Cleveland - Kalifornien ist bereit, die Golden State Warriors sind bereit, der gesamte US-Bundesstaat fiebert der zweiten NBA-Meisterschaft in Folge entgegen – und mittendrin ist die tz!

Mit zwei Mann haben wir die wertvollste Basketball-Trophäe der Welt schon mal in Augenschein genommen. 2:0 steht es in der Finalserie der NBA zwischen den Golden State Warriors mit Stephen Curry und den Cleveland Cavaliers um LeBron James (vier Siege sind für die Meisterschaft nötig), in der Nacht auf Freitag steigt die dritte Partie in Cleveland, auch die vierte findet hier statt. Sollten die Cavs es tatsächlich schaffen, das Top-Team der letzten zwei Jahre in ihrem Lauf zu stoppen, wartet danach wieder die gelbe Hölle auf sie – Spiel fünf findet wieder in Kalifornien statt.

Und die Oracle Arena schafft es, sogar leer den Gegnern Angst einzujagen, das wurde unseren tz-Reportern vor dem Spiel klar. Schon drei Stunden bevor hier die besten Basketballer der Welt um den Titel kämpfen, liegen 19 596 knallgelbe T-Shirts auf den Sitzen. Die gelbe Wand steht schon jetzt hinter den Warriors. Wie ein gelbes Monster, das da schlummert. 180 Minuten später erwacht es zum Leben. Wer sich kein Shirt überwirft, wird auf der Mega-Leinwand gezeigt, öffentlich gebrandmarkt und von allen anderen Zuschauern ausgebuht.

NBA-Finale: "Jeder will Warriors"

Die ganze Stadt fährt auf die Farbe ab, am Fisherman’s Wharf, dem legendären Hafenviertel, zählt man mehr Leiberl als Seelöwen, die sich an der Küste sonnen… „Jeder will Warriors-Trikots“, selbst die Touristen, sagt JaMychal, Verkäufer am Pier 39. Am besten, erklärt er, gehen die Shirts mit dem „Curry“ drauf. Das ist der kleine Scharfschütze der Warriors. Er sieht aus wie ein ganz normaler Teenager mit dünnen Beinchen und wenig Bartwuchs, hat aber schon zum zweiten Mal in Folge die Auszeichnung zum wertvollsten Spieler der NBA abgeräumt.

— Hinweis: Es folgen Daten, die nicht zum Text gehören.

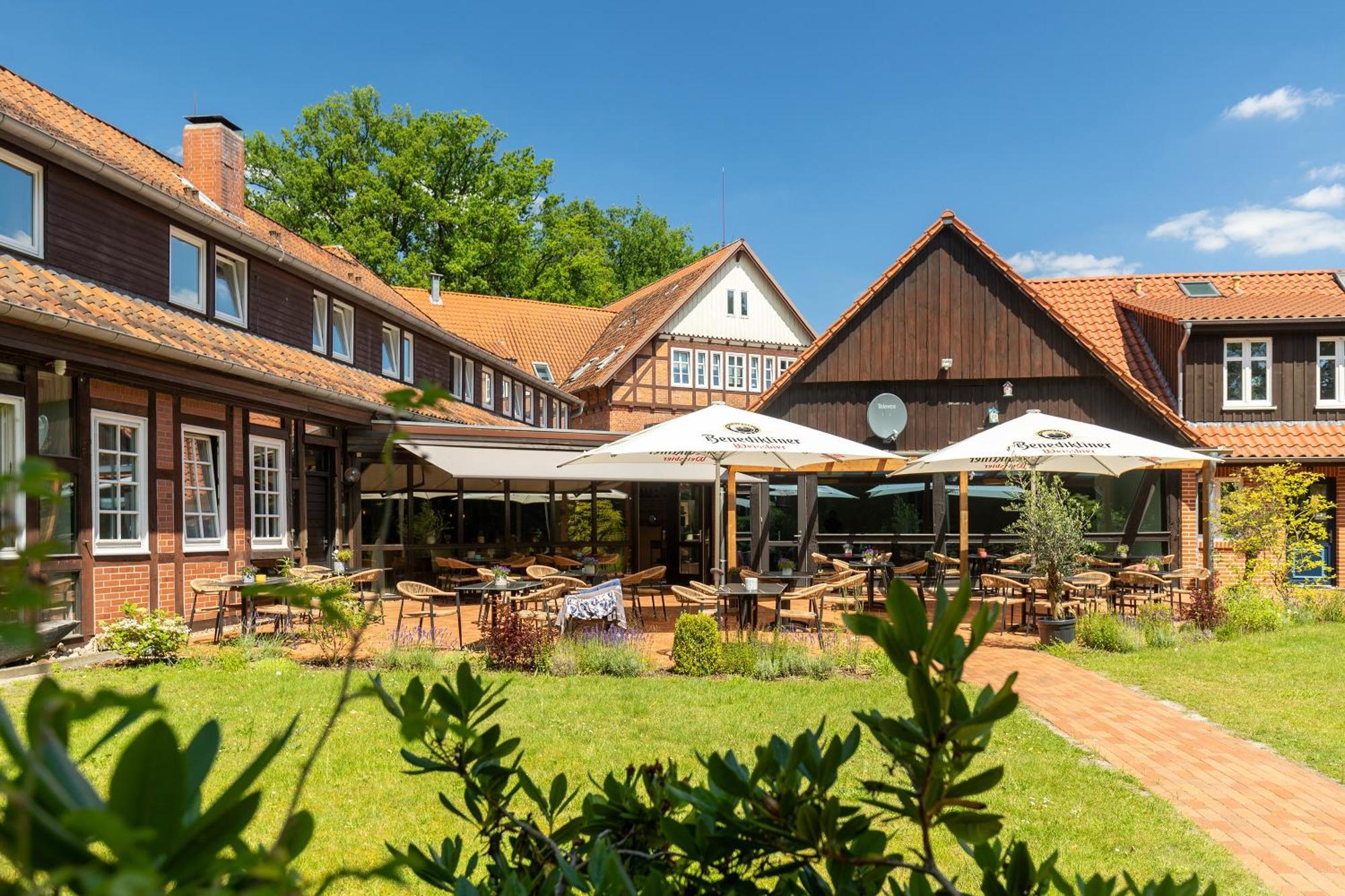 B M Hotel Im Ludwig- Harms- Haus Hermannsburg Eksteriør bilde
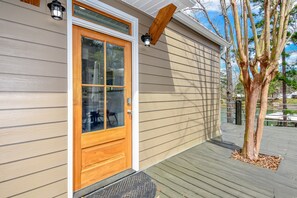 Driveway Entrance (1)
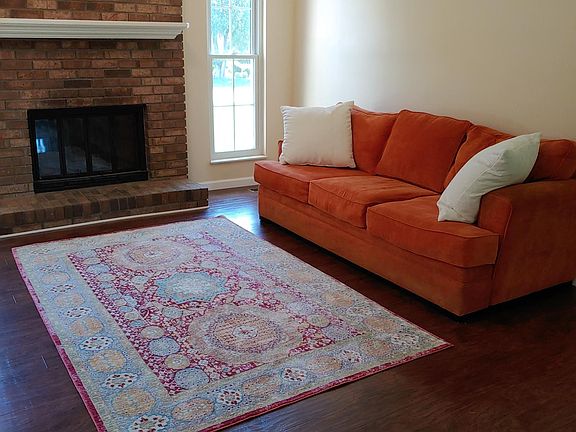 5th image of 1729 Campfire Dr #1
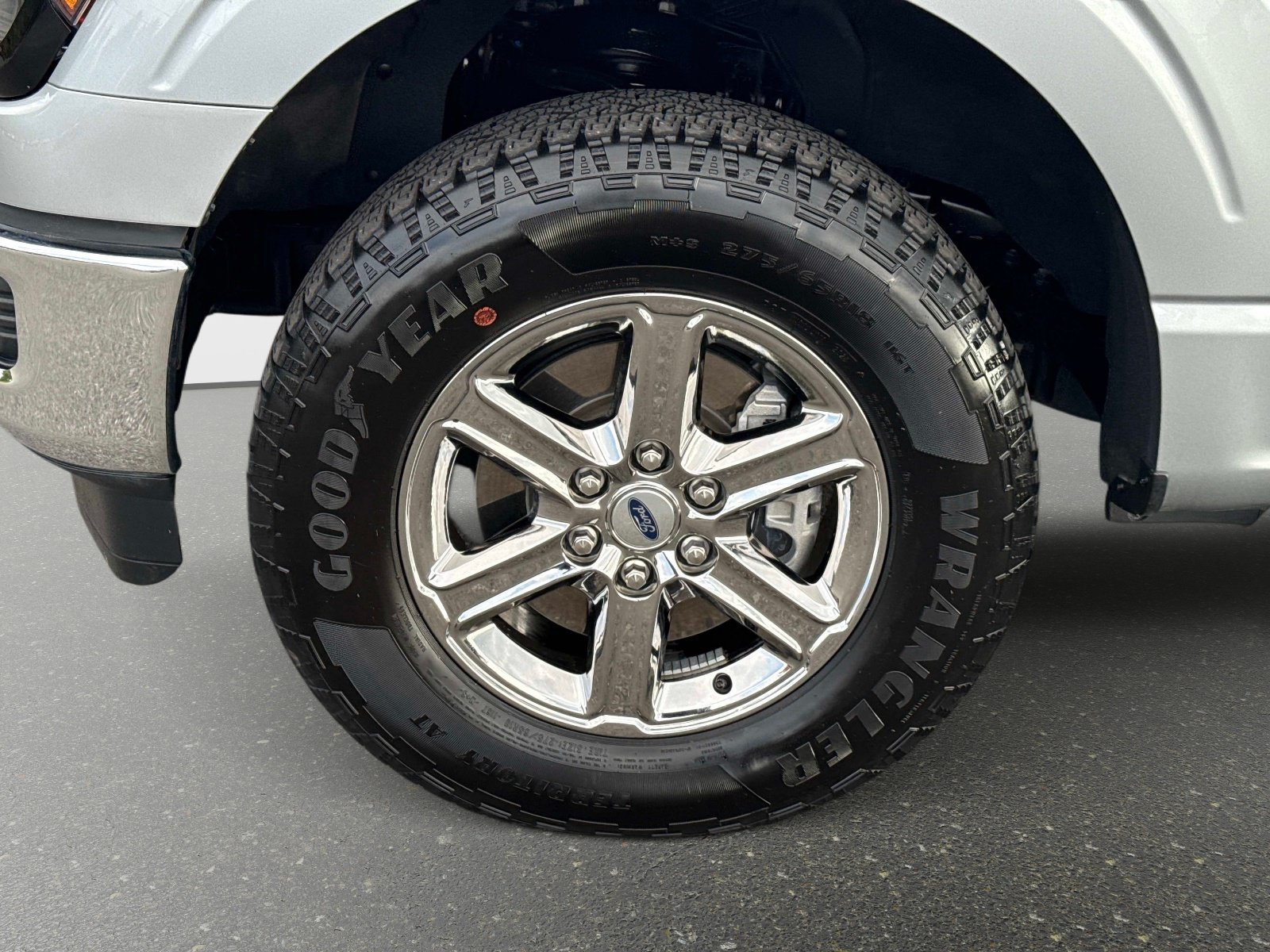 Used 2025 Ford F150 XLT w/ Equipment Group 301A Standard AWD/4WD image 12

Auch der Slogan, der auf den Fan-Shirts prangt, kommt an. „Strength in Numbers“, frei übersetzt: „Gemeinsam sind wir stark.“ Ursprünglich war das kein Marketing-Gag, sondern der Motivationsspruch von Trainer Steve Kerr beim Amtsantritt. Das klappte so gut, dass die Warriors im Vorjahr Meister wurden und in diesem Jahr einen neuen Rekord für die meisten Siege (73) in einer Saison aufstellten. Die Marketing­abteilung erkannte das Potenzial des Slogans und strickte eine riesige Kampagne daraus. Mittlerweile liest man überall in San Francisco „Strength in Numbers“. „Es ist jetzt mehr eine kulturelle Philosophie“, sagt Kenny Lauer, Vize-Chef der Merchendise-Sparte der tz. Sein Ziel: Der Slogan soll als Symbol für diese Warriors-Ära stehen. „Ich will, dass die Leute ihren Enkeln von den Strength-in-Numbers-Jahren erzählen.“

Philipp hat seine NBA-Finals-Ticket schon seit zwei Monaten

Die Warriors vereinen tatsächlich den ganzen Bundesstaat Kalifornien, und das war immer so gewollt. Anfang der 1970er tauschte das Team den Stadtnamen – früher traten sie als San Francisco Warriors an – gegen Golden State ein, den Spitznamen Kaliforniens.

Ein Staat, ein Team – das funktioniert. Zu den Finals pilgern die Fans von überall her. Die Warriors sind zur Marke geworden, die anzieht. Philipp ist mit seinem Sohn (natürlich im Curry-Trikot) aus San José hergedüst. „Eine Stunde“, schätzt er, „haben wir gebraucht.“ Die Tickets hat er vor zwei Monaten gekauft. Zum Start der Playoffs, als keiner wusste, ob es die Warriors tatsächlich schaffen. „Ach, ich hab ihnen vertraut.“ Und er vertraut ihnen auch in Sachen Meisterparty. Da würde er auch wieder den Highway runterbrettern. Zehntausende wollen mit den Warriors durch die Straßen ziehen. Dann leuchtet nicht nur die Arena sondern eine ganze Stadt in Gelb.